• **ACTION ITEM**:
When a line in the entries below contains the word "Case", copy that line.

• **GIVEN RECORDS**:
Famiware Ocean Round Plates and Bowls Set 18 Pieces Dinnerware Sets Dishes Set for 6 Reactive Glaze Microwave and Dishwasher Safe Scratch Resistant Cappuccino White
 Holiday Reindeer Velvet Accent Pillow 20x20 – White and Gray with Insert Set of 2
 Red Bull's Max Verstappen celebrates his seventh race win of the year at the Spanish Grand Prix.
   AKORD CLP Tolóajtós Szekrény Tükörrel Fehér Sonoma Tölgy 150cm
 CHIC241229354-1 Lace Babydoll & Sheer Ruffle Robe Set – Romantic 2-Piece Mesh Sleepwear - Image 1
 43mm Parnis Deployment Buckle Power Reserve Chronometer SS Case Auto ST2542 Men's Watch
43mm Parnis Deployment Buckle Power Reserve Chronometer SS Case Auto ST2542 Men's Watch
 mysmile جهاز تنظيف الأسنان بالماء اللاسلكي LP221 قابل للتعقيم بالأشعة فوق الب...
--
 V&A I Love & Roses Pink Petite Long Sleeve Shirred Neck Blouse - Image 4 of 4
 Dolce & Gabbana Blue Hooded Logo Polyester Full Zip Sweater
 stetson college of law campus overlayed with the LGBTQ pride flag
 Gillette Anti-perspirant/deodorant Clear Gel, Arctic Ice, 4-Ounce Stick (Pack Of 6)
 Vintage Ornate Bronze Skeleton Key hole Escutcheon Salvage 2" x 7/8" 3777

• **YOUR SOLUTION**:
 43mm Parnis Deployment Buckle Power Reserve Chronometer SS Case Auto ST2542 Men's Watch
43mm Parnis Deployment Buckle Power Reserve Chronometer SS Case Auto ST2542 Men's Watch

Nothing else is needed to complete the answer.